Die kleine Isabella war ein Frühchen. Als sie 1900 Gramm wog, wurde sie aus der Klinik entlassen. Einen Tag später war Wolfgang G. allein mit ihr und seiner dreijährigen Tochter zu Hause. Die Mutter wollte sich wohl mit einer Freundin treffen. Der Vater habe sich in einer Stresssituation befunden, hieß es im Urteil. „Er packte das Baby derart heftig, dass es Hämatome am ganzen Körper erlitt.“ Zudem schüttelte der vierfache Vater sein jüngstes Kind. Mindestens zehn Mal laut Gutachten. G. habe die Nerven verloren, „er handelte gefühllos“, hieß es im Urteil. Das Mädchen erlitt lebensgefährliche Hirnblutungen. Seit dem Vorfall lebt Isabella bei Pflegeeltern.

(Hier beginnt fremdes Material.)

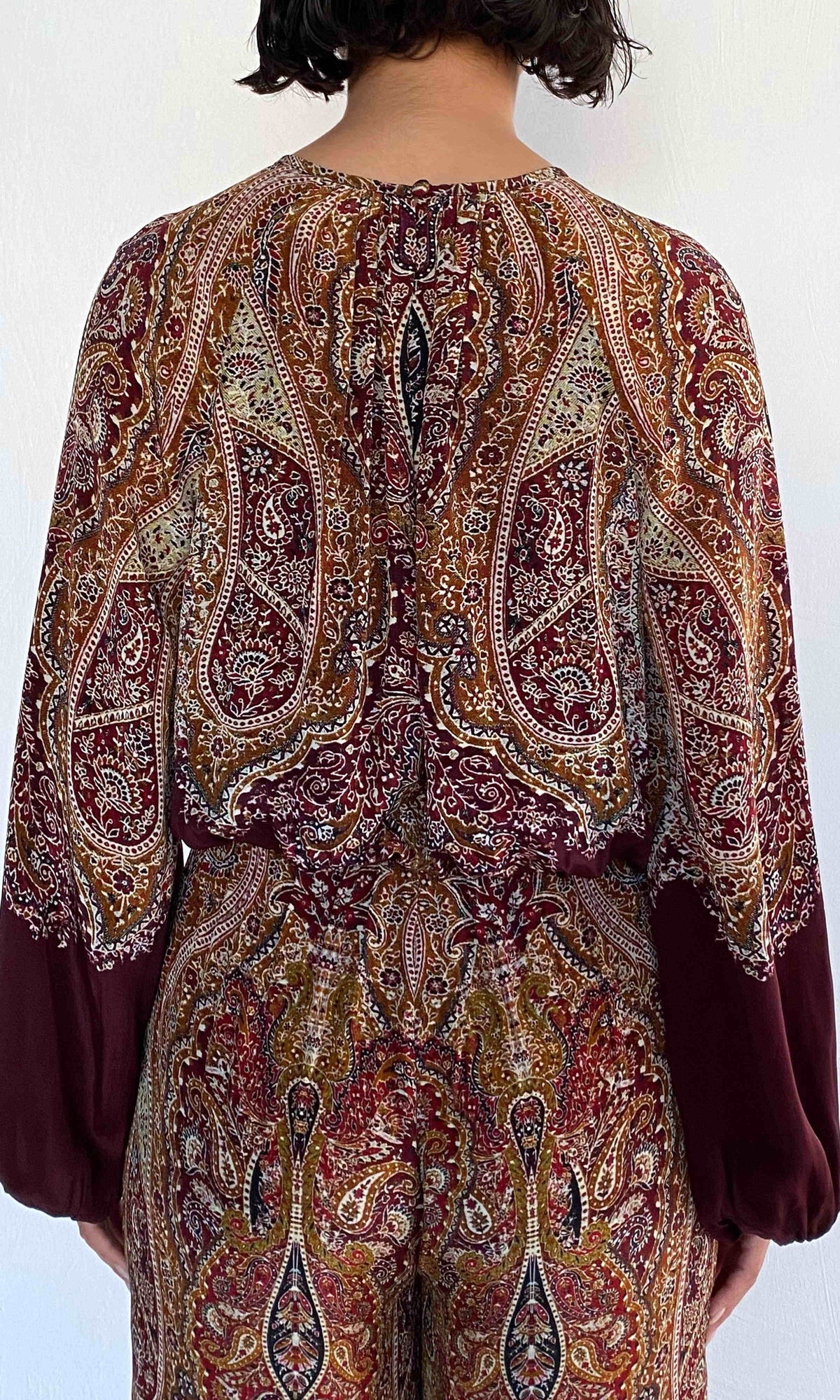 Womens | Shifa Viscose Heavy Crepe Jumpsuit | Burgundy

Den Ärzten im Krankenhaus berichtete G. zunächst von einem angeblichen Sturz vom Wickeltisch. Die schweren Verletzungen passten aber nicht zu dieser Version. Der Vater gab schließlich das Schütteln zu. Zuvor sei ihm das Kind beim Füttern aus dem Arm gerutscht. Als Isabella danach ganz blass gewesen sei, habe er an seinen Sohn gedacht, der 2002 im Alter von zwei Monaten an plötzlichem Kindstod gestorben ist. „Ich habe meine Tochter geschüttelt aus Sorge, dass sie nicht atmen könnte“, erklärte der Vater vor Gericht.

Wie gefährlich das Schütteln von Säuglingen ist, will er nicht gewusst haben. Die Richter nahmen das dem erfahrenen Vater nicht ab. Vielmehr sei es die Überforderung in der Familie und vielleicht auch Frust gewesen, die ihn ausrasten ließen. Die Verteidigerin war dagegen von einem Unfall ausgegangen und hatte Freispruch gefordert.